We’re undoing Christmas cultural foundations here: The Rankin & Bass “specials” are also films, animated shorts that have burned images of carol characters into our collective consciousness. Jackie Vernon turned Frosty into one of the most gosh darn lovable anthropomorphic creepsters in movie history. He might be a grown man who hangs out with children, but we love him.

10. A Charlie Brown Christmas

Because it’s the first of the Peanuts cartoons, Charlie Brown Christmas also deserves “short film” recognition. Even if religion doesn’t factor into your Christmas, Charlie Brown, Linus, Snoopy and the rest of the gang’s realization of the over-commercialization of the holiday serves as a timeless lesson melodically enhance by the Vince Guardaldi Trio. As an important adult once put it, “WAH WAH WAH WAH WAMP WAH.”

9. National Lampoon’s Christmas Vacation

Christmas is filled with joy and it’s filled with nightmares. The third sequel to Vacation explores the latter. It’s pitch perfect. The uproarious sewer explosion is something we all now wish on our most annoying family members. “Merry Christmas, the shitter’s full!”

8. A Christmas Story

Don’t hate this movie because TBS insists on playing the movie for 24 hours straight. The cavalcade of familial horrors — that leg lamp, man — are still as punchy as ever. Being a kid sucks. A Christmas Story makes remembering that fact all OK.

7. Holiday Inn

Before Irving Berlin repurposed “White Christmas” for the movie of the same name, it debuted in Holiday Inn, a musical romp that hits all its major beats on Christmas. The stars aligned for Holiday Inn, with Bing Crosby and Fred Astaire showing off their skills in full force.

6. Home Alone

Is it wrong that I still want to live a weekend by myself, Home Alone-style? Macaulay Culkin got his Christmas wish, eating ice cream and watching gangster movies while his parents lost their minds trying to get home over the holiday. It became our fantasy. Though the climax is what sells the movie — the epic Rube Goldberg death match between Kevin and the Wet Bandits — but every moment entertains. Kevin’s preparation for the showdown set to “Carol of the Bells” is iconic.

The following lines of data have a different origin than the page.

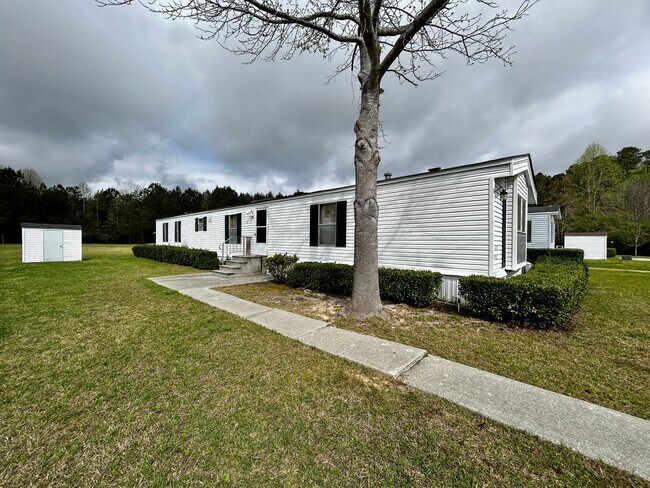 Photo - Available Now! 3 Bedroom 2 bath unit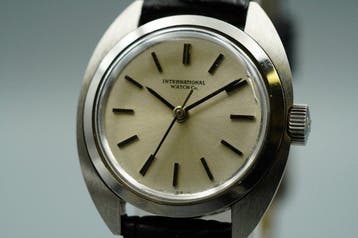 IWC - - - Zonder minimumprijs - - - Dames - 1970-1979
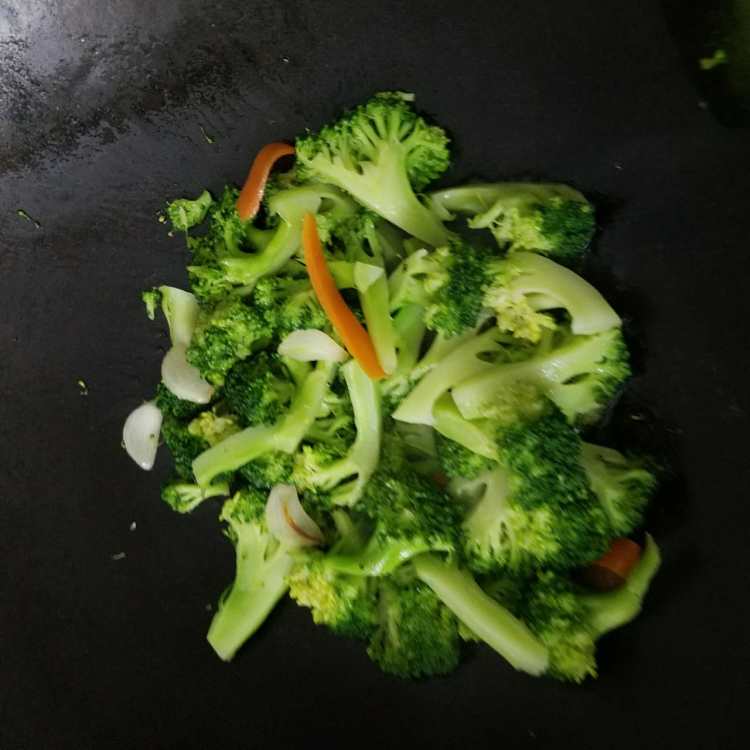 清炒西兰花步骤8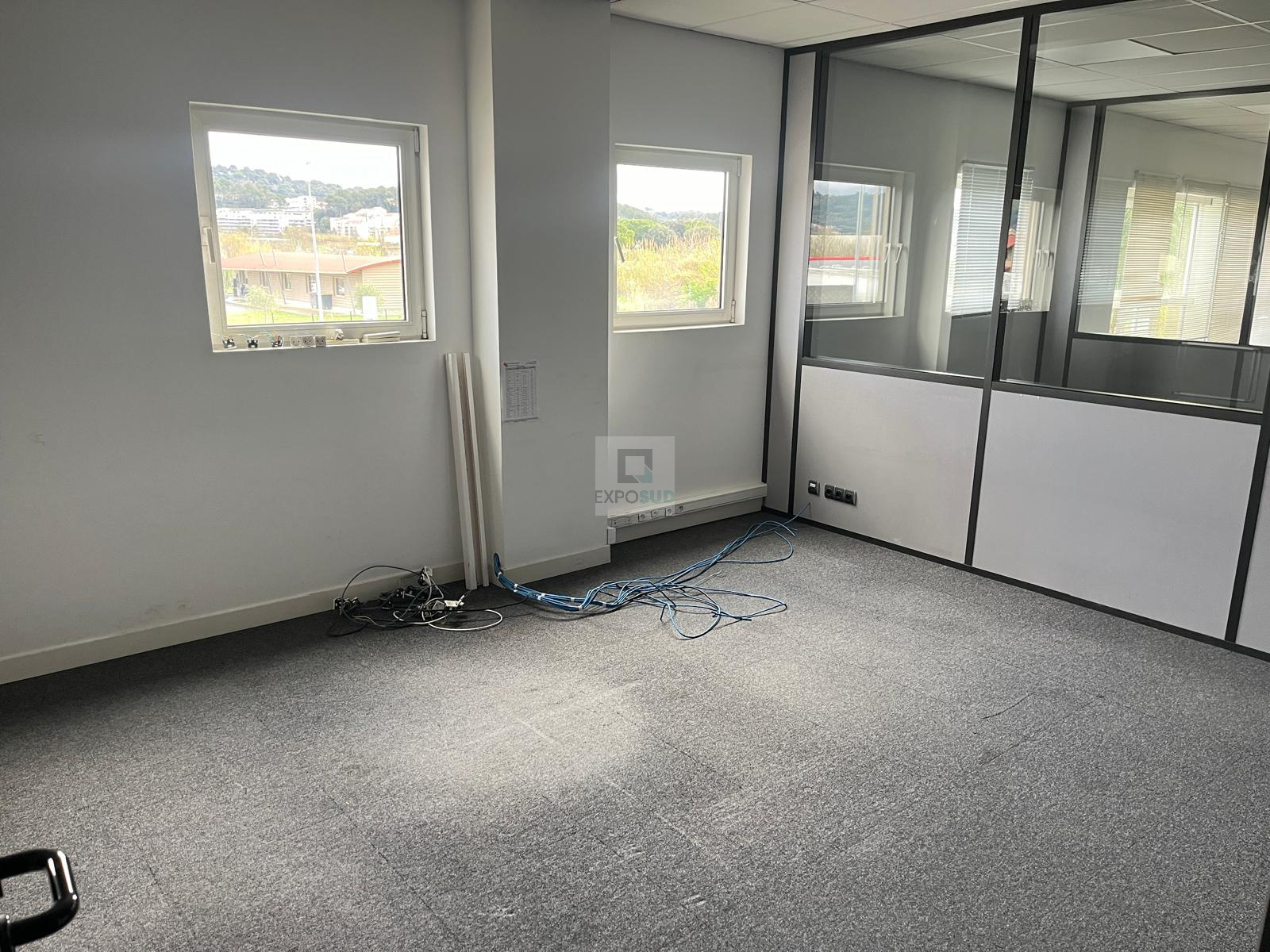 Location Autre MANDELIEU-LA-NAPOULE surface habitable de 320 m²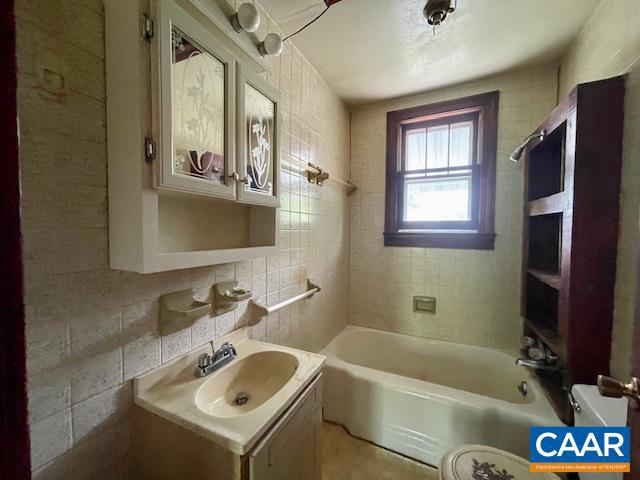 24 E 1ST ST, CRAIGSVILLE, Virginia 24430, 2 Bedrooms Bedrooms, ,1 BathroomBathrooms,Residential,For sale,24 E 1ST ST,665245 MLS # 665245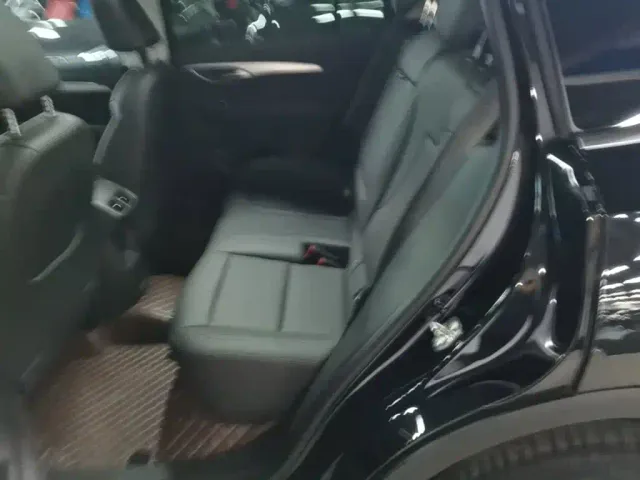 Buick Envision Plus — Фото автомобиля 16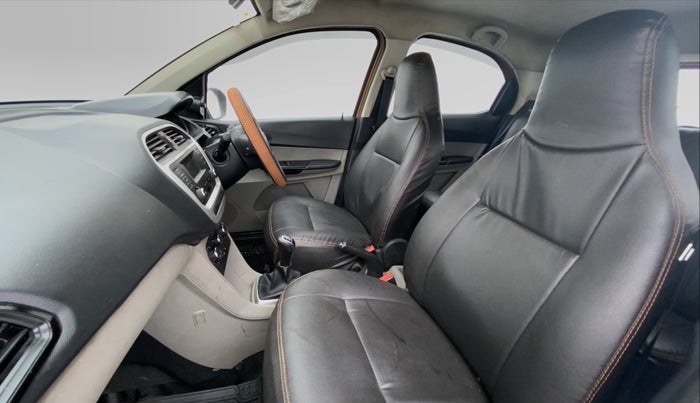 2016 Tata Tiago XT 1.2 REVOTRON, Petrol, Manual, 1,26,689 km, Right side front cabin view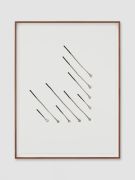 <p>米尔科&middot;巴泽吉亚，<em>spores missile</em>，2021，纸上鸡腿蘑内的墨水，44 x 33 cm；47.5 x 36.5 cm (带框)；图片：Stefan Altenburger</p>
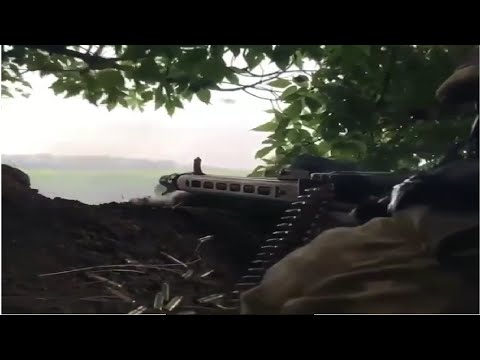 🔴 Ukrainian Azov Fighter Fires At Russian Forces With German MG3 Machine Gun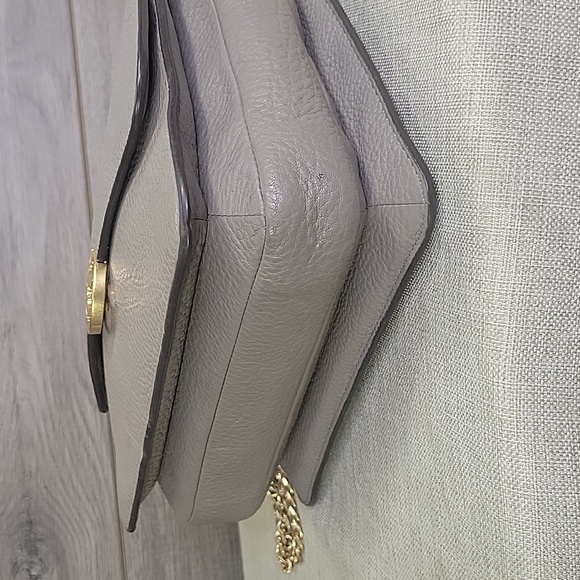 Tory Burch Gray Pebble Leather Flap Front Chain Shoulder Bag - Picture 9 of 16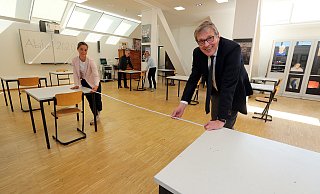 Hans-Joachim Nolting (vorne r.), Schulleiter des Ratsgymnasiums, und Kollegin Beate Fujiwara (l.) messen den Abstand der Tische im Kunstforum. Einer der Räume, in denen ab Donnerstag Abivorbereitungen und ab 12. Mai dann die Prüfungen stattfinden. - Wolfgang Rudolf
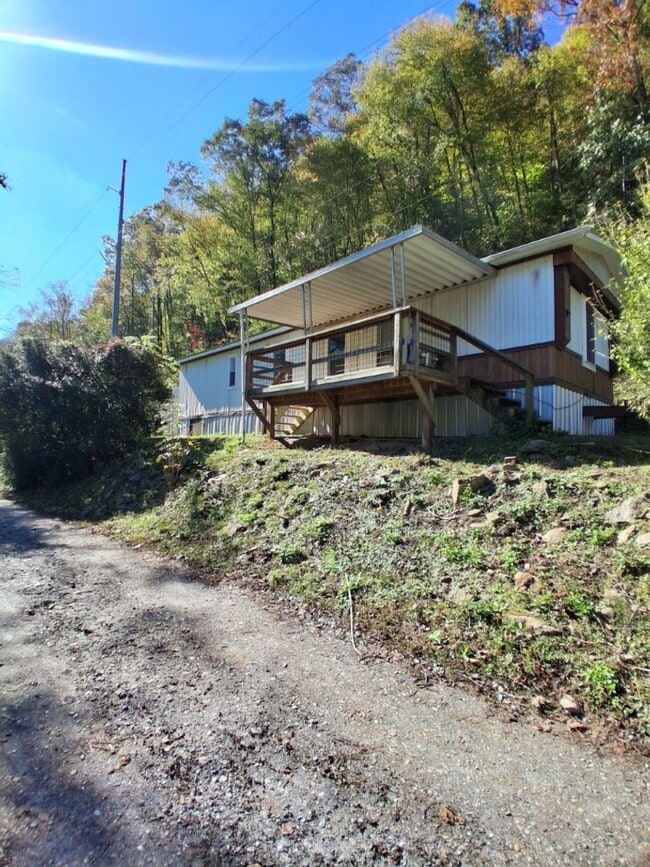 property at 462 Tunnel Mountain Rd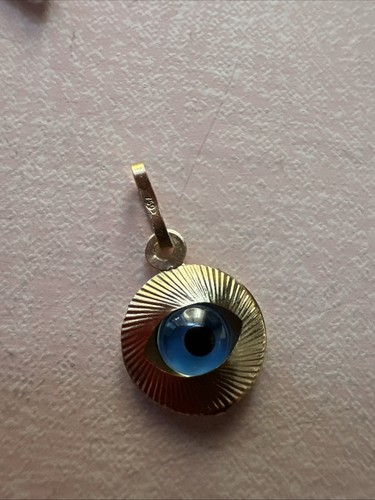 18ct evil eye pendant - 18ct,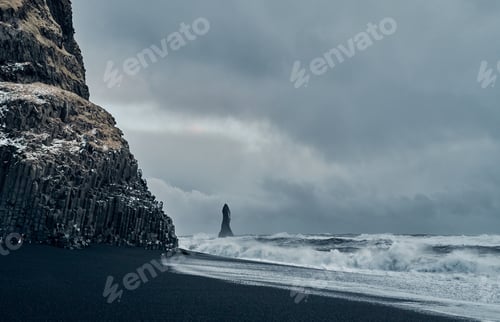 Preview: Travel to a cold snowy country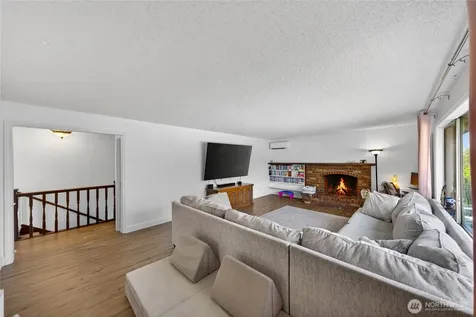 2684 Olympic Drive Oak Harbor WA 98277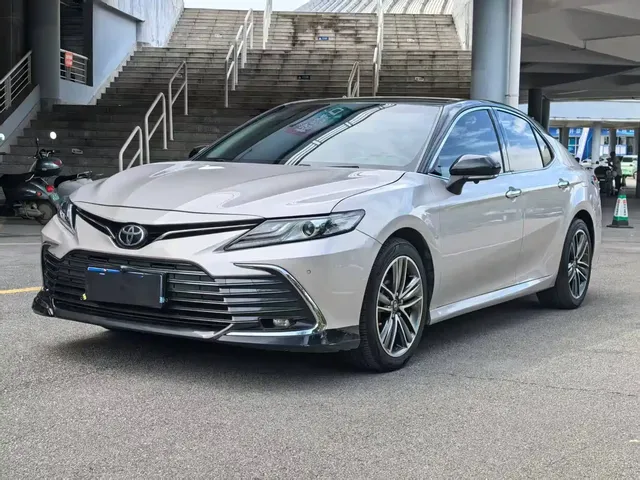 Toyota Camry 2021 2.5G Luxury Edition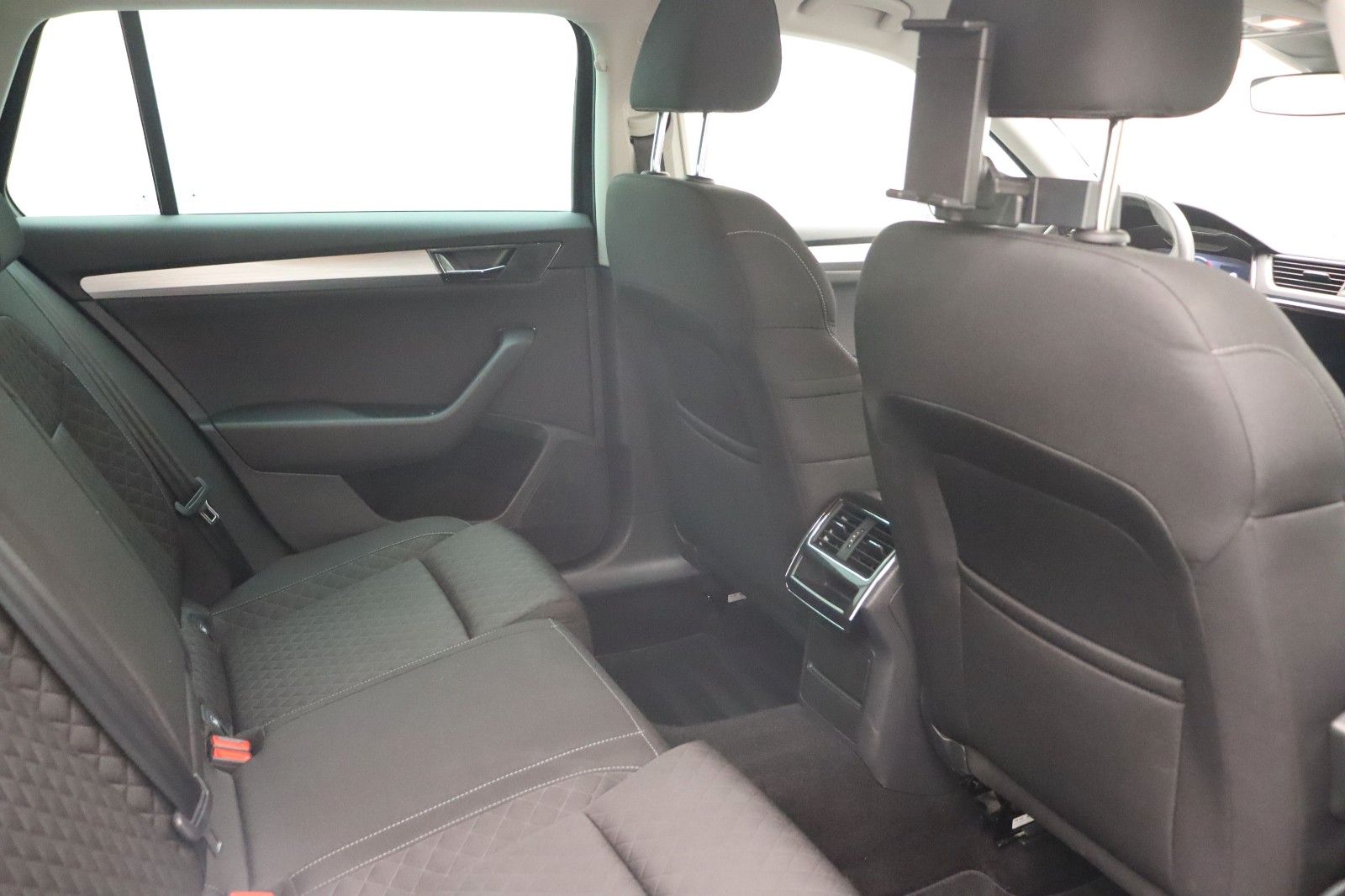Fahrzeugabbildung SKODA Superb Combi Ambition LED ACC Navi
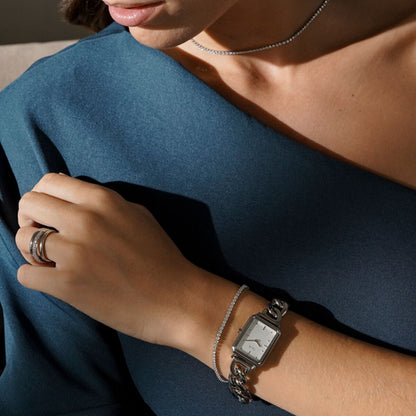 Detail van de zilverkleurige One Jewels ring, gedragen bij een elegante outfit.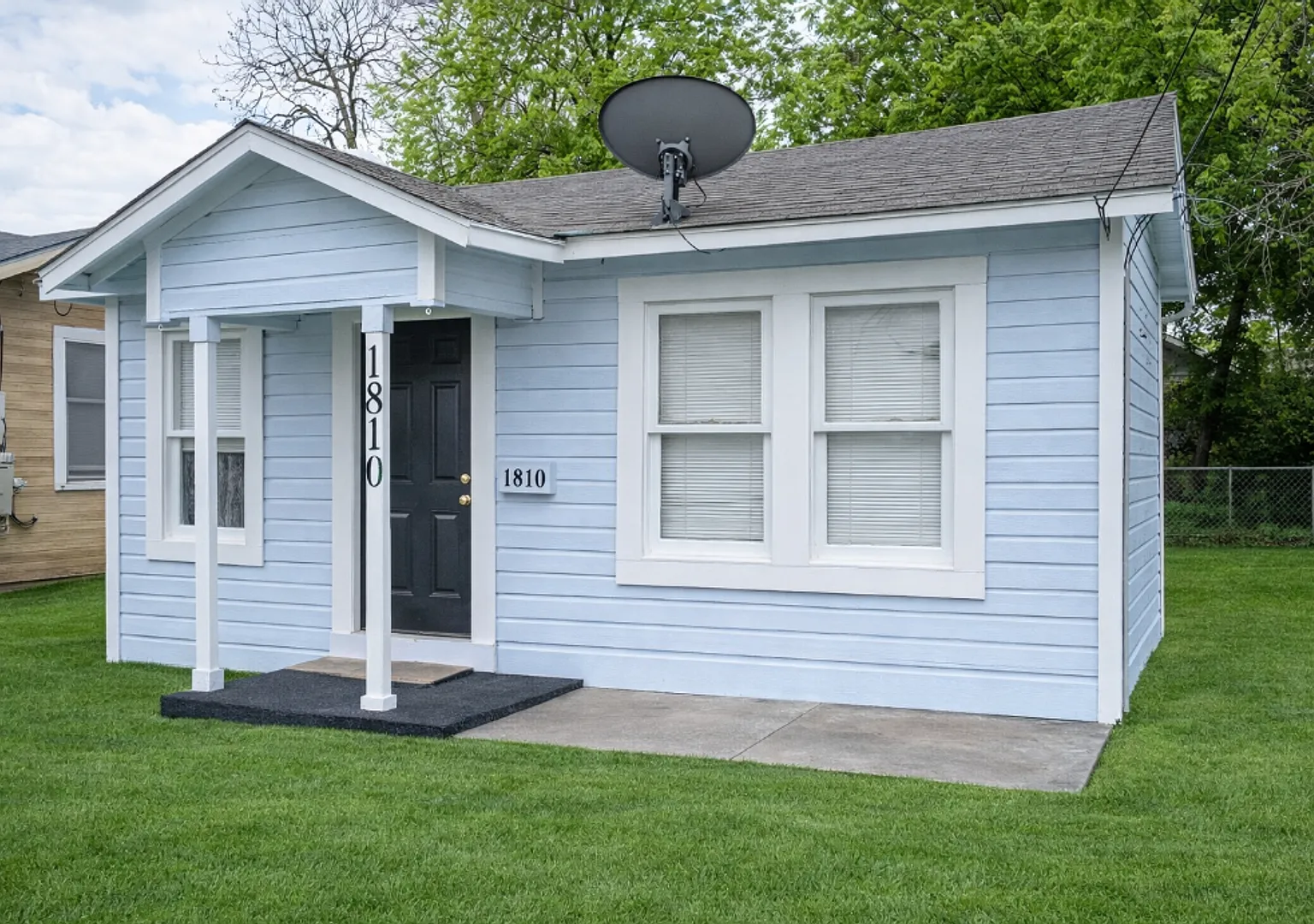 2BR/1BA Ideal Home Near Downtown — Photo 1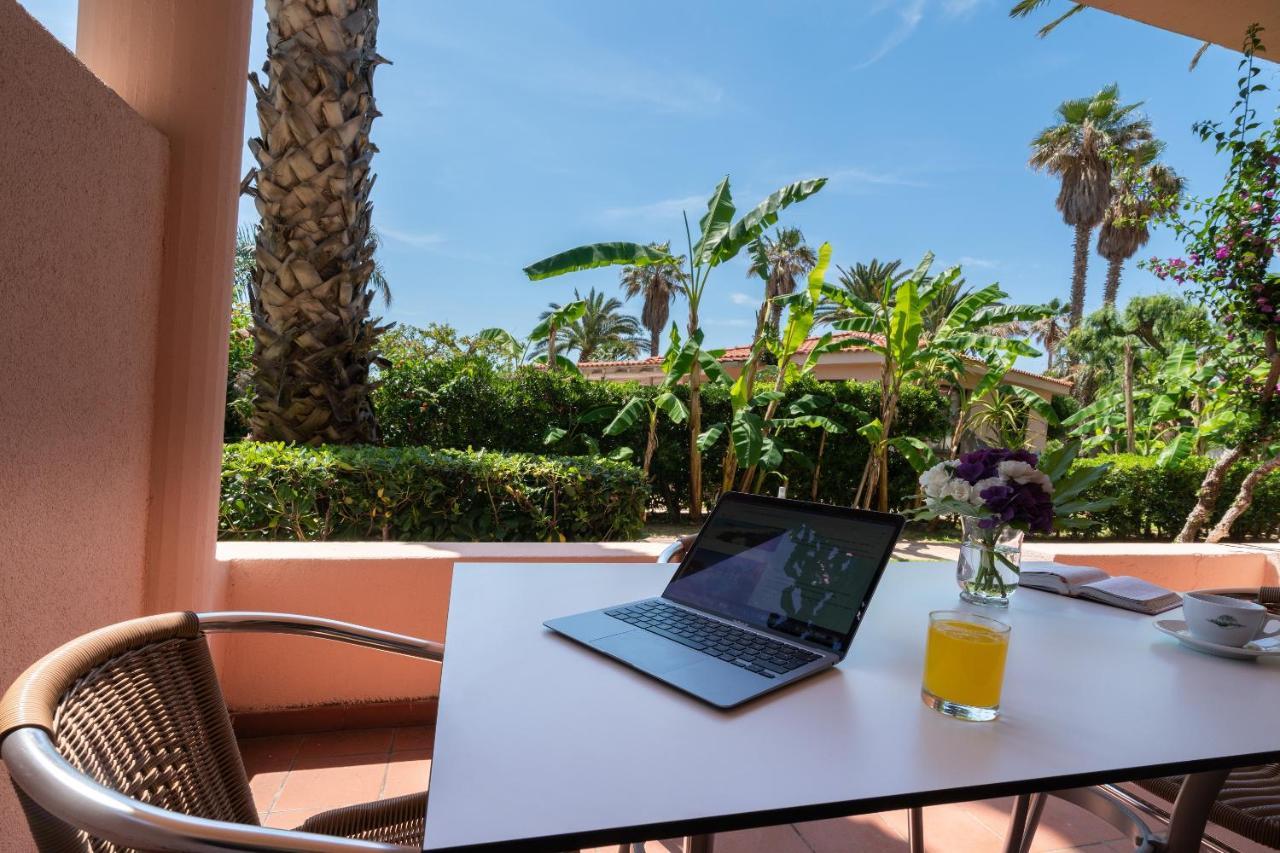 Hotel Villaggio Cala Di Volpe Capo Vaticano Dış mekan fotoğraf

5. Babes in Toyland (1934)

Stan Laurel and Oliver Hardy’s adventure through the fantasy world of Toyland may be one of the most uproarious movies of all time, Christmas-themed or not. You could plop the duo in a Judd Apatow movie today and their comedy would click — they’re that universal. Surrounding them is pure imagination, with costumes and sets ranging from horrifying to goofy. Laurel and Hardy at the top of their game.

4. It’s a Wonderful Life

Many will say the Frank Capra classic is too far down on the list, even at #4. The truth is, the redemptive story of George Bailey (James Stewart) is a great movie, not a brilliant movie. It takes it’s merry ol’ time getting to the juicy stuff, but when Bailey meets Clarence the Angel, the whirlwind of feelings begins.

3. Rudolph the Red-Nosed Reindeer

Though Rudolph’s nose squeak is among the most heinous noises ever committed to film, the Rankin & Bass stop-motion cartoon is heartwarming, cheerful, and downright bizarre. I don’t know what recreational substances helped someone throw a dentist elf, misfit toys, and Burl Ives into one movie, but they did it and we’re grateful.

2. The Muppet Christmas Carol

The holidays are all about dropping cynicism to relish in the mushier spectrum of human emotion. The Muppets were born from those feelings. Pitting them against Michael Caine’s Scrooge, who never misses a cue when talking down to his felt costars, reinvents the time-honored classic. The music by Paul Williams and the framework of Gonzo as Dickens is pure magic. Despite being lauded by Christmas movie fanatics, Muppet Christmas Carol is still underappreciated.

1. Miracle on 34th Street (1947)

There’s nothing like the original. The ’47 Miracle has the court room gravitas of 12 Angry Men, the otherworldliness of It’s a Wonderful Life, and manages to turn Santa into a humanistic star. It’s Christmas on trial and the holiday spirit prevails — could there be a better message?